= Lutz Gissmann =

German virologist

Lutz Gissmann (born September 18, 1949, in Kaufbeuren, Germany) is a German virologist and was head of the division Genome Modifications and Carcinogenesis at the German Cancer Research Center (DKFZ) in Heidelberg until his retirement in 2015. Lutz Gissmann is known for his seminal research in the field of human papillomaviruses (HPV) and their causal association with human cancer, especially cervical cancer. In his early work, he demonstrated genetic heterogeneity among HPV isolates leading the way to the now well-established concept of distinct HPV types (up to now more than 200) of which some are associated with specific benign or malignant disease. In the early 1980s in the laboratory of later Nobel Prize laureate Harald zur Hausen he was the first (together with the postgraduates Matthias Dürst and Michael Boshart supervised by him) to isolate and characterize HPV16 and HPV18, the two most oncogenic HPV types causing the vast majority of HPV-induced anogenital and head-and-neck cancers.
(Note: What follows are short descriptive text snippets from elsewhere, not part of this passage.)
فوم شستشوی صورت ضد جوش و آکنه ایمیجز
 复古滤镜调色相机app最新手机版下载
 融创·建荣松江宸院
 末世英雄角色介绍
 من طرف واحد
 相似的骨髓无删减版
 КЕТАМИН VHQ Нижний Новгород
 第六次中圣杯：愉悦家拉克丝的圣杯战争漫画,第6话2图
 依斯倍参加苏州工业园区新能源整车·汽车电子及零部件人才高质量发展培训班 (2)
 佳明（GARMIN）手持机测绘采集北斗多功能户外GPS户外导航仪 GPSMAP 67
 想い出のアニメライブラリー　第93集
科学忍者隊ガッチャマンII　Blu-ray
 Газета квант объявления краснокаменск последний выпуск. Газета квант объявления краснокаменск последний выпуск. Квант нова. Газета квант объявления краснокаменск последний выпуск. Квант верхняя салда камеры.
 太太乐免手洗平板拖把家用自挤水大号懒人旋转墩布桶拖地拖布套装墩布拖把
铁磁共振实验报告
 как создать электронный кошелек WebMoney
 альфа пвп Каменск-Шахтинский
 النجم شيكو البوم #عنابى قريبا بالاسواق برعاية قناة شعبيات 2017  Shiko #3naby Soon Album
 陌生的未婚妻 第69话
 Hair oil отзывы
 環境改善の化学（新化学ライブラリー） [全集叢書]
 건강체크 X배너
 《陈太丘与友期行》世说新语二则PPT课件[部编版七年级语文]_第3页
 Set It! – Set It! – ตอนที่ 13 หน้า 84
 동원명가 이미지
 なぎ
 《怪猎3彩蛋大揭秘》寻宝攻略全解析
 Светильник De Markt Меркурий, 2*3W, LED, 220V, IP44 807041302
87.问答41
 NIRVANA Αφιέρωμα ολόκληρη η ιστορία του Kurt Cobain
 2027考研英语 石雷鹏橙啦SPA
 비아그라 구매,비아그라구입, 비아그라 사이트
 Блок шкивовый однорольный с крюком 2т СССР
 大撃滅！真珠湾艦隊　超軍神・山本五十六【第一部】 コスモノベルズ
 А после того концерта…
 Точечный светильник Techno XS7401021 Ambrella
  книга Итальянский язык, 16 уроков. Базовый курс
This groundbreaking work of Lutz Gissmann provided experimental evidence for the causal association of specific HPV types with human cancer, and laid the foundation for the development of prophylactic HPV vaccines for the prevention of cervical cancer and other HPV-induced cancers. His current research interest is on development of second generation prophylactic and therapeutic HPV vaccines.

== Professional biography ==

Gissmann obtained a diploma in biology and a PhD in Microbiology and Genetics of the University of Erlangen (Germany). Together with Harald zur Hausen he moved to the University of Freiburg as a post doc and later became assistant professor in virology. In 1983 he was appointed as head of the division Genome Modifications and Carcinogenesis at the German Cancer Research Center (DKFZ) in Heidelberg and professor of virology at the University of Heidelberg. He was on leave of absence from 1993 to 1997 as director of research in the department of Obstetrics and Gynecology and chairman of the program Viral Oncology at the Loyola University Medical Center, Chicago, USA, and from 1998 to 1999 as vice president of research and development, MediGene AG, Martinsried, Germany.
Gissmann was a member of the DKFZ board of trustees (2002–2012), speaker of the research programs Applied Tumor Virology (1991–1993) and Infection and Cancer (2012–2014) and ombudsman for the PhD students at DKFZ (2004–2010). Under his guidance numerous diploma and Ph.D. students were introduced to the fascination of science and the fun side of life in a research laboratory.

Gissmann has published more than 200 peer reviewed scientific contributions, holds several patents and has written numerous book contributions. He received several honorary memberships and awards (including the Warren Alpert Foundation Prize in 2007 together with Harald zur Hausen "for work leading to the development of a vaccine against human papillomavirus").